Apple iPad Pro 11" M2 Weaknesses

  • IPS LCD panel on 11" M2 doesn't have mini-LED — blacks look gray next to M4 OLED
  • M2 capped at 8GB RAM; some future AI features may require more
  • Doesn't support Pencil Pro natively — requires adapter
  • 5.9mm / 466g — thicker and heavier than M4

Best For

  • Apple iPad Pro 11" M4 New buyers, creative professionals, and anyone who uses the display for art, video, or photos
  • Apple iPad Pro 11" M2 Budget-conscious buyers, M2 owners who are satisfied, and anyone whose workload fits in an IPS display

FAQ

Does the M2 iPad Pro 11" support Apple Pencil Pro?

Not natively. The M2 iPad Pro 11" launched with Apple Pencil 2 support. Apple released a USB-C Pencil adapter that allows Pencil Pro to work on older USB-C iPads, but barrel roll and some gestures may not function identically. The M4 is the first iPad Pro to natively support Pencil Pro.
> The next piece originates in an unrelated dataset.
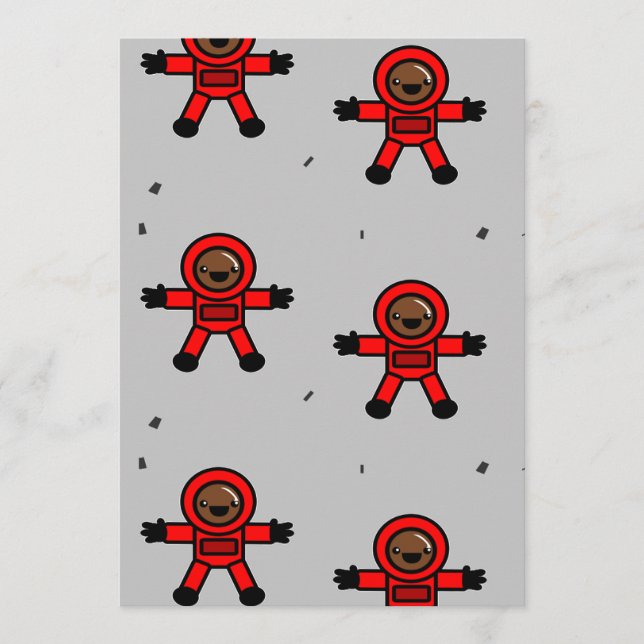 Tarjeta De Consejos Astronautas rojos sobre gris (Anverso)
Is the OLED display noticeably better in everyday use?

In bright sunlight, both look similar — neither is impressive outdoors at this price. In a dim room or dark-room video editing, the OLED's black levels are dramatically better. For creative work with dark UI or HDR video review, the difference is real and matters. For web browsing and docs in normal lighting, it's subtle.

Will the M2 iPad Pro still get Apple Intelligence updates?

Yes — Apple Intelligence requires an M1 or later chip (or A17 Pro on iPhone). The M2 qualifies for current Apple Intelligence features in iPadOS 18. Future features may require more Neural Engine performance, at which point M4's advantage grows.